I use Vi, Emacs and some GUI text editors in addition to Jed.
Long ago my original reason for starting using Emacs (on 8 Mhz
/ 4MB machine) was its regex-replace feature (at that time
my main text editor was Mutt (programming language) editor).

QEmacs -- another fast emacs alternative

Posted Nov 6, 2006 10:37 UTC (Mon) by pink18 (guest, #32445) [Link]

49KB. The killer feature for me, compared to other clones, is that vertical split mode works (out of the box).

http://fabrice.bellard.free.fr/qemacs/

Difference in startup speed.

Posted Nov 9, 2006 9:59 UTC (Thu) by anandsr21 (guest, #28562) [Link] (1 responses)

The fact that you have to install it, is no good. The reason I use Vi for quick editing is because I can depend on it to be there. If I have to work substantially more then I will think of installing something, and in this case why not go with the real thing.

Difference in startup speed.

Posted Nov 14, 2006 21:00 UTC (Tue) by nix (subscriber, #2304) [Link]

But you have to install *everything* on a Linux box, or how does it get
there? It's not as if we have a `core' like the BSDs.

(In any case the argument is nearly-inverted on Solaris boxes, which tend
to get XEmacs as a matter of course on development platforms because Sun's
flagship development environment has XEmacs integration.)

Emacs vs VI

Posted Nov 2, 2006 13:38 UTC (Thu) by nix (subscriber, #2304) [Link]

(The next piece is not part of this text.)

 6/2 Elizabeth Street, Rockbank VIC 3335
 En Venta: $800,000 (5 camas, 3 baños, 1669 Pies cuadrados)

I used to use vi for editing config files, until I discovered Kai Grossjohann's tramp: sort of like ange-ftp or efs, except that it can transfer files via ftp, scp, sftp, telnet, rsh, raw shell (using uudecode, shell script, or a perl program transferred across the line), over a su (!), and even tunnelled across multiple-hop connections (`I have to ssh in there and then telnet there and then su to *that* user before I can edit anything').

So now I can edit everything, no matter who owns it, in the same editor.